这是这个系列的第二卷也是最后一卷。第一卷的传送门在这里:
虚幻4 渲染探索【1】引擎渲染组件初探
点击打开链接
如果您对虚幻的渲染图元汇编阶段了解不多,那么可以先看看上面那篇文章。
那么下面进入正题,我们以虚幻的CableComponent为例,来深入研究一下虚幻的渲染管线的图源汇编阶段。
下面分几个小节
(1)CableComponent的原理
(2)CableComponent在虚幻里的实现步骤代码实现
(3)通过CableComponent,总结虚幻的渲染管线的图元汇编阶段的各个细节
【1】CableComponent的原理
首先我们要知道cablecomponent的实现方法。下面先来看这张图
要实现绳子或者锁链,我们需要实时结算,更新顶点的位置,重新构建模型。说来轻巧,但是具体如何操作如何实现呢。
首先我们需要一堆粒子,此粒子非彼粒子(不要想得那么高端)。这里说的粒子可不是特效的粒子系统。这里的粒子其实就是一堆数据你可以理解为一堆数据位置标记。一个粒子里包含了粒子的新老位置信息喝是否可自由移动信息。我们利用各种公式去解算这些“隐形的”粒子,来重新拓扑整个模型。打开虚幻的源码,你可以看到定义粒子的结构体。
我们通过解算粒子的位置,来不断更新顶点缓冲区种顶点数据的位置,这样来达到使我们的绳索运动的目的。大概思路现在有了。
我们定义了一个结构体来描述粒子,粒子之间有作用力和反作用力(有公式来解算这些作用里,这里先把它放在一边),然后我们通过这些粒子(位置标记)来每帧更新顶点的位置,这样来让我们的绳子模型动起来。
有了上面的核心思路之后,我们再来捋一下我们要做的事情。
第一:我们要定义一些粒子(这个好办,其实就是一个FCableParticle的结构体数组)
第二:结算这些粒子,让它们有重力,有速度,感觉像是物理的。而且这些解算不能太费,要能在游戏里跑才行。
第三:利用第二步解算的粒子,重新构建整个模型。
从上面可以发现,第一步我们定义一个Cableparticle的数组就可以了,你能在虚幻的CableComponent.h里找到这个数组。
那么第二步和第三步如何操作呢。第二步我们需要一个比较经典的算法,韦尔莱算法。第三步我们需要了解如何在虚幻里更新上传顶点数据即可。
那么对于第二步来说,韦尔莱算法的公式推导可以点击这个传送门:
点击打开链接
我们使用这个公式莱计算位置的变化:
你可以在虚幻的源码种找到对应的函数
至于第三步模型的重新构建的话,主要需要注意几个点。第一是位置的构建,第二是UV的构建,第三是切线的构建,第四是indexbuffer的构建。对应虚幻源码种的void BuildCableMesh函数。那么它是如何构建模型的呢。
首先我们设置绳子的段数从而有了particle
接下来我们根据我们设置的cable的边数开始构建顶点和UV
先构建了一个面片,然后在把这个面片包裹在粒子周围。这样就很好理解怎么做UV映射了。

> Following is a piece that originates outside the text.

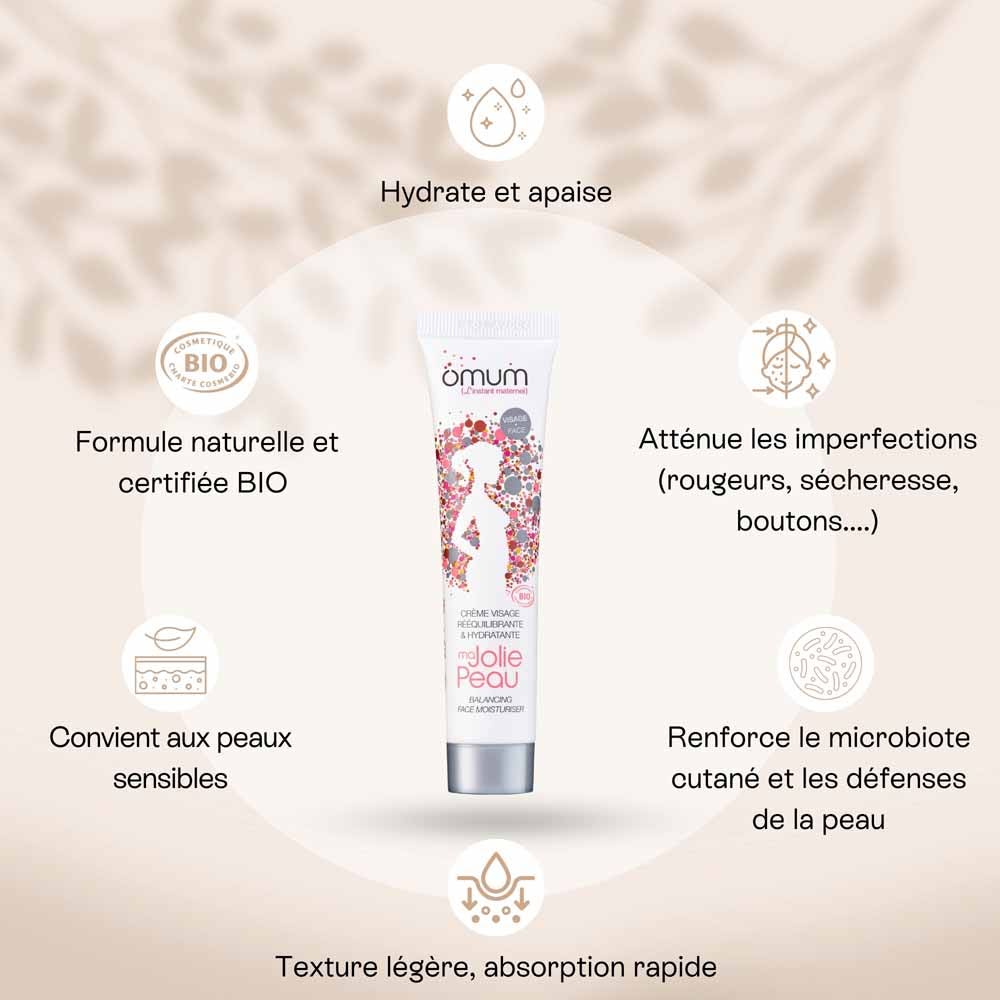 Omum Ma Jolie Peau Moisturising And Rebalancing Organic Face Cream 40ml (1.35fl oz)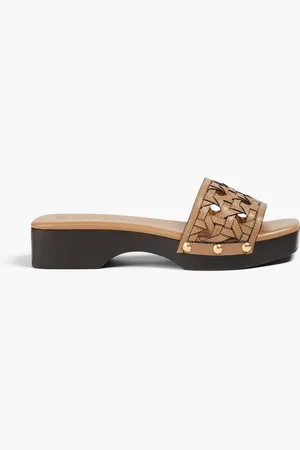 Tory Burch Woven leather mules - Brown - US 5.5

【2】CableComponent的实现步骤代码实现
下面我们就来一行一行代码得研究CableComponent
打开CableComponent.h 开始我们会看到如下代码
class FPrimitiveSceneProxy; /** Struct containing information about a point along the cable */ struct FCableParticle { FCableParticle() : bFree(true) , Position(0,0,0) , OldPosition(0,0,0) {} /** If this point is free (simulating) or fixed to something */ bool bFree; /** Current position of point */ FVector Position; /** Position of point on previous iteration */ FVector OldPosition; };
这里前置先声明了FPrimitiveSceneProxy这个类,这个类是场景代理,负责渲染线程和逻辑线程的交互,它会将顶点缓冲,索引缓冲数据提交。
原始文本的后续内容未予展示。